::: Data
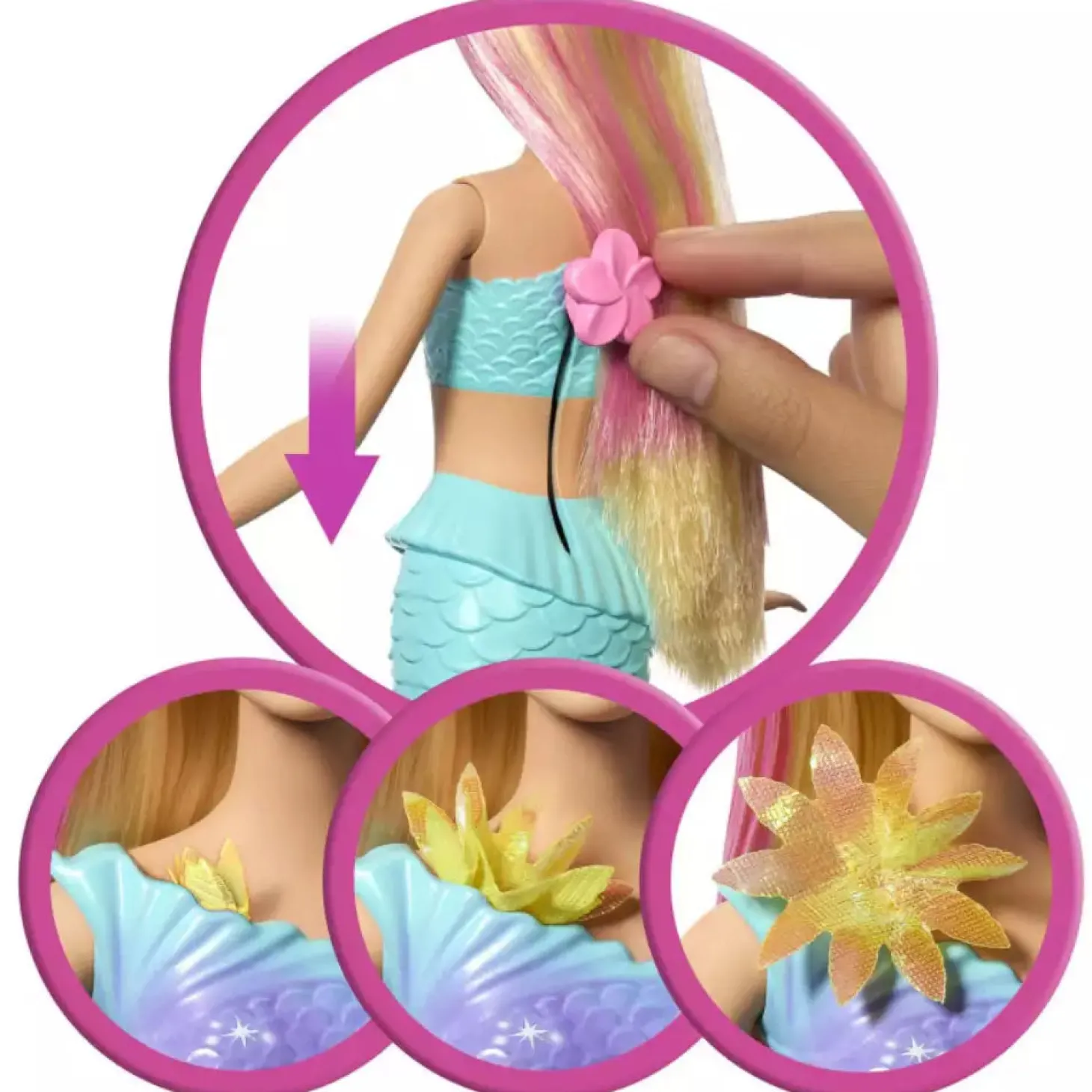 Barbie Muñeca Sirena Rubia Mágica de Flores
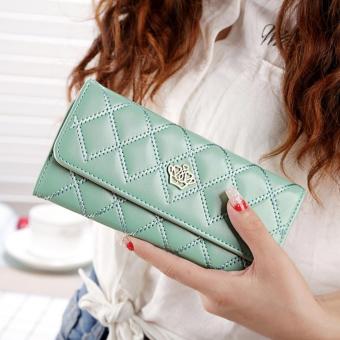 Wanita dompet wanita kulit kopling panjang PU tas dompet pemegang kartu ba004 - Aquamarine - International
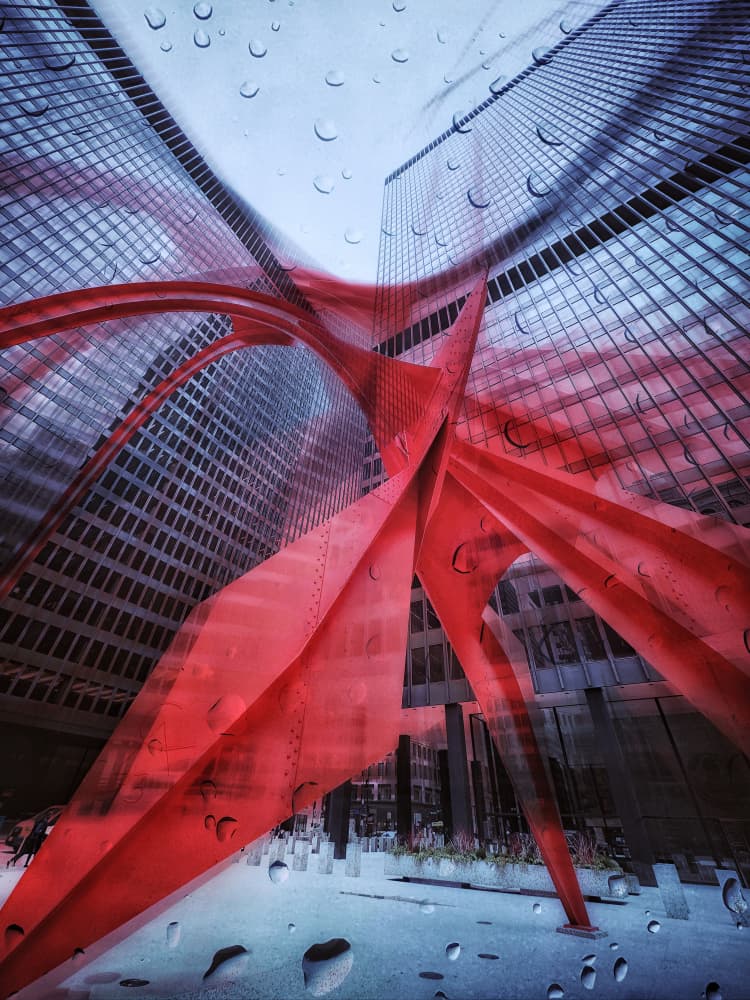 Red Urban Abstract Layers by Yimei Sun — canvas wall art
::::::
→ What this task involves: What is needed here is an exact transcript of the data above, pictures excluded.

→ Final answer:
 Barbie Muñeca Sirena Rubia Mágica de Flores
 Wanita dompet wanita kulit kopling panjang PU tas dompet pemegang kartu ba004 - Aquamarine - International
 Red Urban Abstract Layers by Yimei Sun — canvas wall art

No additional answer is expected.